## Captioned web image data
----------

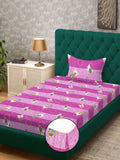 Myntra Elegant Homes Purple Printed Pure Cotton 400 TC Single Bedsheet Set 2.25 x 1.5 m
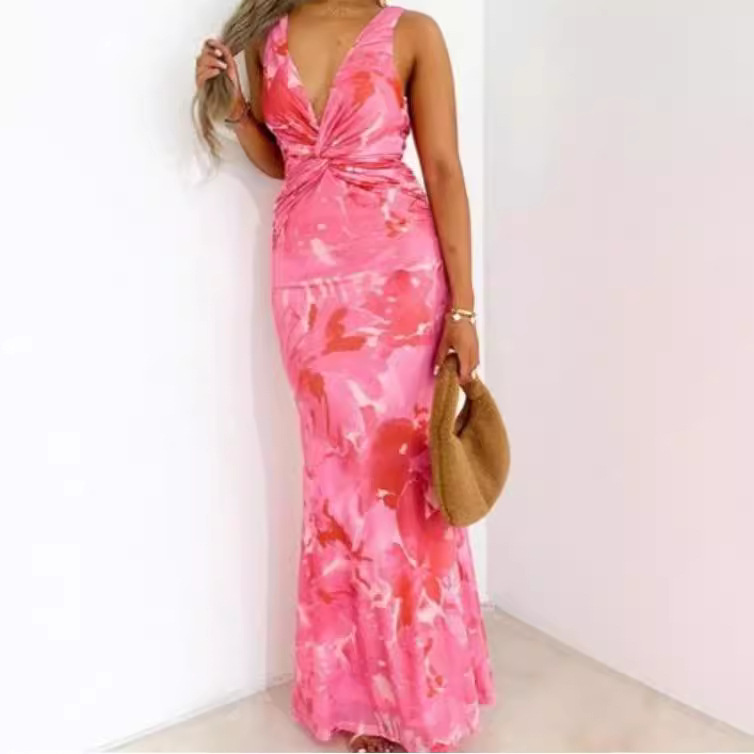 V-Neck Floral Print Stretch Bodycon Dress with Slit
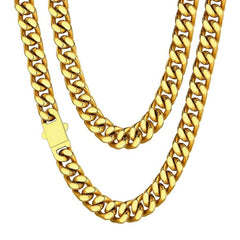 Stainless Steel Gold Plated 12MM Cuban Curb Link Chain Necklace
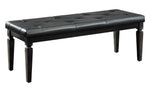 Allura Black PU Leather/Wood Tufted Bed Bench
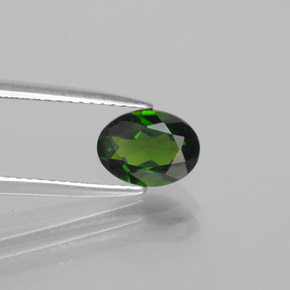 1.22 ct Green Chrome Diopside Stone, Natural Chrome Diopside in Oval Facet Shape for Sale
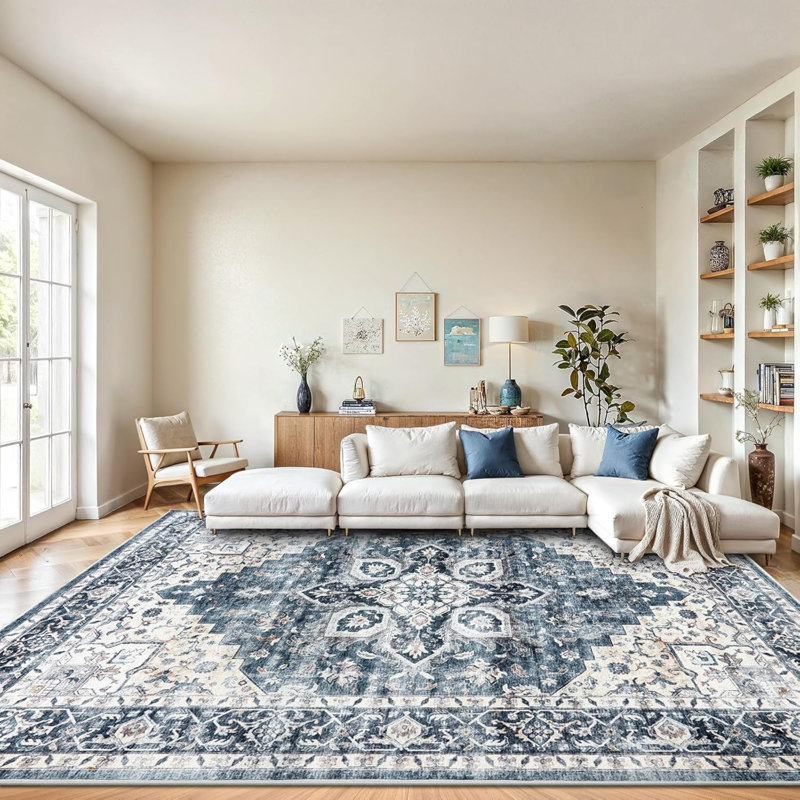 Tapis lavable 9 x 12, grand tapis à profil bas avec envers antidérapant et bordure durable, grands tapis rétro pour le salon, la chambre à coucher et la salle à manger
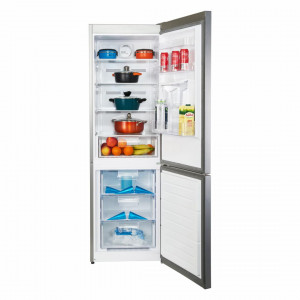 Combina frigorifica Heinner HCNF-V291XWDF+, 295 l, Full No Frost, Dozator de apa, Functie super congelare, Clasa F, 186 cm, Argintiu - Img 3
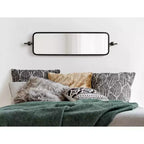 Kate & Laurel All Things Decor Miroir rectangulaire mince Kasota 9"x36" en métal noir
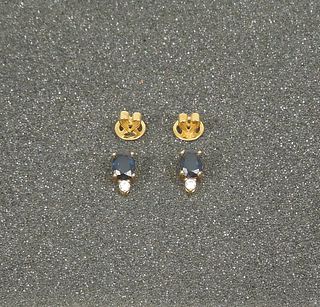 Pair of 18K Gold & Sapphire Earrings.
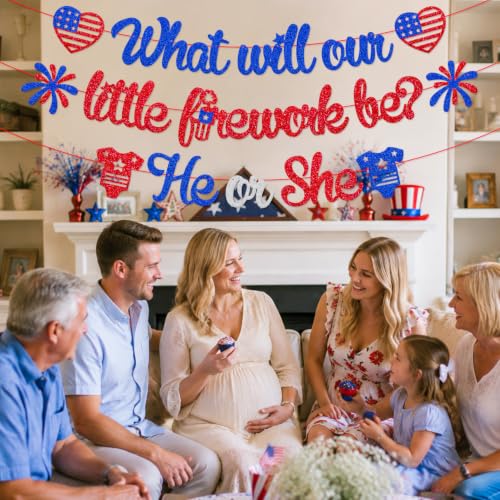 Image of What Will Our Little Firework Be He or She Banner 4th of July Garland | Independence Day Gender Reveal Party Decorations Red White & Blue Patriotic Baby Shower Party Supplies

----------

## ACTIVITY
Once the pictures are set aside, write out the entries verbatim.

## SOLUTION TO THIS EXERCISE
 Myntra Elegant Homes Purple Printed Pure Cotton 400 TC Single Bedsheet Set 2.25 x 1.5 m
 V-Neck Floral Print Stretch Bodycon Dress with Slit
 Stainless Steel Gold Plated 12MM Cuban Curb Link Chain Necklace
 Allura Black PU Leather/Wood Tufted Bed Bench
 1.22 ct Green Chrome Diopside Stone, Natural Chrome Diopside in Oval Facet Shape for Sale
 Tapis lavable 9 x 12, grand tapis à profil bas avec envers antidérapant et bordure durable, grands tapis rétro pour le salon, la chambre à coucher et la salle à manger
 Combina frigorifica Heinner HCNF-V291XWDF+, 295 l, Full No Frost, Dozator de apa, Functie super congelare, Clasa F, 186 cm, Argintiu - Img 3
 Kate & Laurel All Things Decor Miroir rectangulaire mince Kasota 9"x36" en métal noir
 Pair of 18K Gold & Sapphire Earrings.
 Image of What Will Our Little Firework Be He or She Banner 4th of July Garland | Independence Day Gender Reveal Party Decorations Red White & Blue Patriotic Baby Shower Party Supplies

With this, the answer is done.